##### INFORMATION PROVIDED

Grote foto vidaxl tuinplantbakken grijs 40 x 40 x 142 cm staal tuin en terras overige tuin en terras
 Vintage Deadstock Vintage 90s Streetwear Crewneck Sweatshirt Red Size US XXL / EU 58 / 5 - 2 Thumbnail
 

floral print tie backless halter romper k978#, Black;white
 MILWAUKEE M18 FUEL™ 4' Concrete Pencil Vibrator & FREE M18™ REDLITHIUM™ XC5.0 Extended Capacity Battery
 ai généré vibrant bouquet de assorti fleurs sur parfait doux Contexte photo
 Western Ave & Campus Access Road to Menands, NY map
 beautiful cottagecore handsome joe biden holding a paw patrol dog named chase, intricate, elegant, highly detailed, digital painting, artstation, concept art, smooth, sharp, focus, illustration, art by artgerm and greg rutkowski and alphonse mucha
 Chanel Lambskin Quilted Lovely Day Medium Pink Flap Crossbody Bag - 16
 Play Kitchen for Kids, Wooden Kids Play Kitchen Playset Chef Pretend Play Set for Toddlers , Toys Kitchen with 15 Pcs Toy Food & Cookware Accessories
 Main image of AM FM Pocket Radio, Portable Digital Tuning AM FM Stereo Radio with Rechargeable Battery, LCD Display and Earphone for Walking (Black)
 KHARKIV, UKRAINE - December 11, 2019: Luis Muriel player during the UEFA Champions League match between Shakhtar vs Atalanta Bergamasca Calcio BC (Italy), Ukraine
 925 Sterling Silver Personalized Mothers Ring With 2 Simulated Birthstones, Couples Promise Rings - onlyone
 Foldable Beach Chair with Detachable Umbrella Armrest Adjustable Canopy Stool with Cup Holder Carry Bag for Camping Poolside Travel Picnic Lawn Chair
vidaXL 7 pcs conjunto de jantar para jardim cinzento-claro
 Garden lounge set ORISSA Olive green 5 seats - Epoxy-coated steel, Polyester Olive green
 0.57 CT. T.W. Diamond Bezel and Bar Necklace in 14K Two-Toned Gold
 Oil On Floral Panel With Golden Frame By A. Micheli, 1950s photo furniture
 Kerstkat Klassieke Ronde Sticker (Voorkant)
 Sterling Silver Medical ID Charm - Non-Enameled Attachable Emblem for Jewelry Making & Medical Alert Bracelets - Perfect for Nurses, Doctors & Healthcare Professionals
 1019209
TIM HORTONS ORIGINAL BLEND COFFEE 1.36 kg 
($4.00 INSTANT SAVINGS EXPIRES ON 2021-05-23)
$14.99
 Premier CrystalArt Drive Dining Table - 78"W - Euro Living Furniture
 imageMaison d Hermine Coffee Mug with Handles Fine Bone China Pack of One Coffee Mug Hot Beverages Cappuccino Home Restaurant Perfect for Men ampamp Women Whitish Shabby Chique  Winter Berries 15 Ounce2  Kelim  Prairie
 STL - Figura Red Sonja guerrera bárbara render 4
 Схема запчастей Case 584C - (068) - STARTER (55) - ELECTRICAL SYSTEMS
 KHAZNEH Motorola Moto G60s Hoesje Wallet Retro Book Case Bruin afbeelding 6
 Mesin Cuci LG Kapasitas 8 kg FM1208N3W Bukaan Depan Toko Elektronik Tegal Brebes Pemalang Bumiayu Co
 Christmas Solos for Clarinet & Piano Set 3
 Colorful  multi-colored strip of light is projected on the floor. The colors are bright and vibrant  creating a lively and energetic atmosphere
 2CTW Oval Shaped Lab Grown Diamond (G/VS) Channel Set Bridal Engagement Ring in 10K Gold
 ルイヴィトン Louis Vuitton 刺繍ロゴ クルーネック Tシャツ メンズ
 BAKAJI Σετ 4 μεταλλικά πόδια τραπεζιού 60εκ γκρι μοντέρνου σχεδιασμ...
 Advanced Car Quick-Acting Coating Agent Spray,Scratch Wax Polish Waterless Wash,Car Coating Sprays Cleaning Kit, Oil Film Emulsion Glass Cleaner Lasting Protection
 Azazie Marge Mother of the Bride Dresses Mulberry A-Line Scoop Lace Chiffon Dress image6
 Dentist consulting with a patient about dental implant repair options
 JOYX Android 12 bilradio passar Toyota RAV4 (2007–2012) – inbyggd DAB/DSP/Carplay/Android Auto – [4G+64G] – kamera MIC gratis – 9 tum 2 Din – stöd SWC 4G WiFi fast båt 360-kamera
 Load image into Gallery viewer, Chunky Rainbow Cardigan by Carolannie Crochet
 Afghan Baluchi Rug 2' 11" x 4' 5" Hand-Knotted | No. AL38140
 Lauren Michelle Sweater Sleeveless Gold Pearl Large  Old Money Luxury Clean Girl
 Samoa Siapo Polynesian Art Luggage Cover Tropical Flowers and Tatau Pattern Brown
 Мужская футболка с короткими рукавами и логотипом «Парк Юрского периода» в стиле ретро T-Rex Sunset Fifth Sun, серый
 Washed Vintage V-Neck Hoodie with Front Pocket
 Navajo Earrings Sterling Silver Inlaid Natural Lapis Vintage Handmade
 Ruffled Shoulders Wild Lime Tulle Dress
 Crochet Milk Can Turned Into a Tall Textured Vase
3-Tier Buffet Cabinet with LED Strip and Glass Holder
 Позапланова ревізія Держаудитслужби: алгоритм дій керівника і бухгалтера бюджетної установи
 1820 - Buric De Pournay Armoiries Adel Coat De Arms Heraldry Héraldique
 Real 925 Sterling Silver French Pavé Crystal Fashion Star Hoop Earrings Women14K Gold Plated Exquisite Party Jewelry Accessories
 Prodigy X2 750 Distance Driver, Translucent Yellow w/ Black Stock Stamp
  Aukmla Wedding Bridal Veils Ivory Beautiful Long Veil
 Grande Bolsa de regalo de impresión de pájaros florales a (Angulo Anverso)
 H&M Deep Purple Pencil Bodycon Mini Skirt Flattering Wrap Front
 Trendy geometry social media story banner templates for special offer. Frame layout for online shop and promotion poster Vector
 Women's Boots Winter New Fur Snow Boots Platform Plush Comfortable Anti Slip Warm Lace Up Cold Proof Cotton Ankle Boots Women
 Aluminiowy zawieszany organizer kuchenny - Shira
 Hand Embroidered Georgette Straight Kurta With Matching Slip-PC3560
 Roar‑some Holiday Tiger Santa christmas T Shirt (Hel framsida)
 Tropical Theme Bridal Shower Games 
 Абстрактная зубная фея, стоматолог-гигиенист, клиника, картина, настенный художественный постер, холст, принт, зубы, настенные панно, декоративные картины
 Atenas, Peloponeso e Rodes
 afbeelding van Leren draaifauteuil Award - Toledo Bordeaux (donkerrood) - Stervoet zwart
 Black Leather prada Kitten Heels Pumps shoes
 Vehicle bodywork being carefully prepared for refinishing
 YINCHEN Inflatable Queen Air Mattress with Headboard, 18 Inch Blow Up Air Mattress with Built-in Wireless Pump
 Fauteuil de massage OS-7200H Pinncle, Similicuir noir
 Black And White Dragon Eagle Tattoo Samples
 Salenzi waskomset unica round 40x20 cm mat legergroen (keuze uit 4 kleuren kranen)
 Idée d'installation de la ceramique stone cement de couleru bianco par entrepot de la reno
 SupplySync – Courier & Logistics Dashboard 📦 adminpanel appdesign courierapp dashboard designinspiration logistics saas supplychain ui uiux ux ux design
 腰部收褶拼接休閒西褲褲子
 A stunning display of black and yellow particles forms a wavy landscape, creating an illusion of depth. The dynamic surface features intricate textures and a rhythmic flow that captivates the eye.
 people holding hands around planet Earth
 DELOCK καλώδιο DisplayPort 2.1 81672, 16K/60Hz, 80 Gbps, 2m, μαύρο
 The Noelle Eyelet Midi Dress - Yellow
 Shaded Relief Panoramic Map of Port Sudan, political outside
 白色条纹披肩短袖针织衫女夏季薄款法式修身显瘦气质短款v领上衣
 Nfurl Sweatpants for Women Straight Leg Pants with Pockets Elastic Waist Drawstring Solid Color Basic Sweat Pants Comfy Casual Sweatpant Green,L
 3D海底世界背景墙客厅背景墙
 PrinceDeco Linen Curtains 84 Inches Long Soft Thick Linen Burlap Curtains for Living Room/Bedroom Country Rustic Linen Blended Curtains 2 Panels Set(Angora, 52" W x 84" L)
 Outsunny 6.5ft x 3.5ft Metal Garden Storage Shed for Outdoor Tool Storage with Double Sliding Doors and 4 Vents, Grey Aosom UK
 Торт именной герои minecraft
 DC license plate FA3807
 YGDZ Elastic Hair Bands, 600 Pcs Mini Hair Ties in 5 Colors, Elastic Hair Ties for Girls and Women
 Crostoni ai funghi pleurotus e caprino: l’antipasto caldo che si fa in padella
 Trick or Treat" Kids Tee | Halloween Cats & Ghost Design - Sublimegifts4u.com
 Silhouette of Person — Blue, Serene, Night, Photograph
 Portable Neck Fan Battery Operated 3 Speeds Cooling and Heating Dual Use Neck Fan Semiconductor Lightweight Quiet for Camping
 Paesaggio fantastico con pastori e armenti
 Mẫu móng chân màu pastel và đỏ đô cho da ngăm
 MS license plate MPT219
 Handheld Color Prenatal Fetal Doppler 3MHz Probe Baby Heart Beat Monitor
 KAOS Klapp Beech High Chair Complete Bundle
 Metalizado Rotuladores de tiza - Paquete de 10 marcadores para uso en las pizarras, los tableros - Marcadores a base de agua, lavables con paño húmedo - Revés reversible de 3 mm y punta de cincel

##########

Take the line above containing "Roar‑some Holiday Tiger", the line containing "Atenas, Peloponeso e Rodes", and all lines in between, and copy them exactly without anything else.

FINISHED TASK:
 Roar‑some Holiday Tiger Santa christmas T Shirt (Hel framsida)
 Tropical Theme Bridal Shower Games 
 Абстрактная зубная фея, стоматолог-гигиенист, клиника, картина, настенный художественный постер, холст, принт, зубы, настенные панно, декоративные картины
 Atenas, Peloponeso e Rodes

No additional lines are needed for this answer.